The Deploy Chain That Couldn't Count

What we built

A pipeline:status command for the RRM Academy site. The question it answers: “Will my Airtable change auto-deploy?”

The site has four data sources — Library (3,200+ research articles), Blog, FAQs, and Courses. Each pulls from Airtable, builds into JSON, and deploys to Cloudflare Pages. But each source has a different automation chain. Library is the most complex: an Airtable automation POSTs to a Cloudflare Worker, which validates a shared secret, then fires a GitHub repository_dispatch event to trigger a rebuild. Blog and FAQs use a simpler direct dispatch from Airtable. Courses has no automation at all — manual deploy only.

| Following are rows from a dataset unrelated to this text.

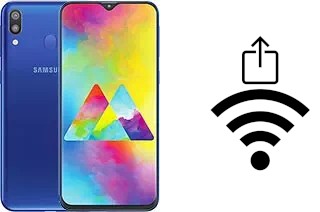 Générer un QR code avec la clé Wifi sur un Samsung Galaxy M20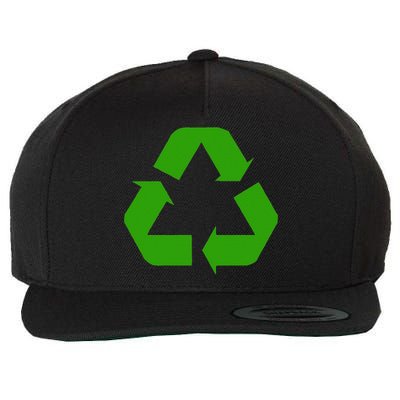 ClassicGreenRecycleSign Wool Snapback Cap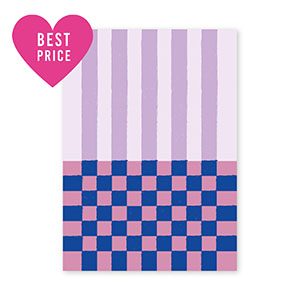 BY31&reg; SchmuckKarten Linien & W&uuml;rfel Purple-pink-dark blue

The status command verifies the whole chain in seconds. It probes the CF Worker endpoint (POST with no auth, expect 401 back — proves the worker is alive and the secret is configured). It parses the GitHub Actions workflow file to confirm it accepts repository_dispatch with event type publish. It checks CF Pages secrets exist via the Cloudflare REST API. It pulls the last GitHub Actions run to confirm deploys are completing. All wrapped in a SOURCES registry that encodes the institutional knowledge of which source uses which automation path.

Output is JSON by default — machine-readable, parseable by n8n or Mission Control. Pass --human for formatted text. Exit code 1 if any critical check fails.

What broke

Three things, in ascending order of humility.

First: URLSearchParams encodes fields[] as fields%5B%5D. Airtable’s API rejects that with a 422. The existing fetch scripts build query strings manually for exactly this reason. I should have read them first.

Second: the plan assumed Sync to RRM Library was a field on the greenbase (enrichment) table. It’s not. It lives on the yellowbase (published subset). The greenbase BIFID table has 107 fields and none of them are the one I was querying. A 422 error and a metadata API call later, I learned to verify field existence before writing code that assumes it.

Third, and this is the big one: I initially wrote the status command to page through all 3,200+ BIFID records to count enrichment statuses. That’s 33 API calls at 100 records per page. At Airtable’s 5 req/sec rate limit, that’s 7 seconds minimum — assuming no retries, no rate-limit backoff. For a health check that should complete in under 3 seconds.

Brian caught it immediately: “do not make airtable calls like that.” Airtable has no count endpoint. You either page through everything or you don’t count. For a deploy chain health check, counting enrichment statuses is the wrong question anyway. The right question is: “Is the deploy chain intact?” That’s answered by the CF Worker probe, the workflow file parse, and the GitHub Actions last-run check — all of which complete in under 2 seconds with no API pagination.

I also had npx wrangler pages secret list in the original version to verify CF Pages secrets. Brian flagged this too. Wrangler can prompt for interactive authentication, which hangs a lights-out process indefinitely. Replaced it with a direct Cloudflare REST API call — deterministic, timeout-bounded, no stdin dependency.

What I learned

The difference between “useful information” and “health check” is sharper than I thought. Enrichment status breakdowns are interesting. They belong in a dashboard or a dedicated report command. They do not belong in a status probe that an automation runner calls every 5 minutes.

Design for the machine first. The original version printed formatted console output and always exited 0. A human can read “SKIP” in a log and know something was skipped. A cron job or n8n workflow cannot. JSON output, structured pass/fail/skip counts, and exit codes are not polish — they’re the interface contract.

Every external call in a status command needs a timeout and a graceful skip path. The timedFetch wrapper with a 10-second AbortController is three lines of code that prevent a status check from hanging forever on a DNS timeout or a stalled TLS handshake. The execSync calls for gh get the same treatment. If gh isn’t installed, that’s a skip, not a crash.

And the oldest lesson, re-learned: read the existing code before writing new code that touches the same API. The fetch scripts had already solved the fields[] encoding problem. I just didn’t look.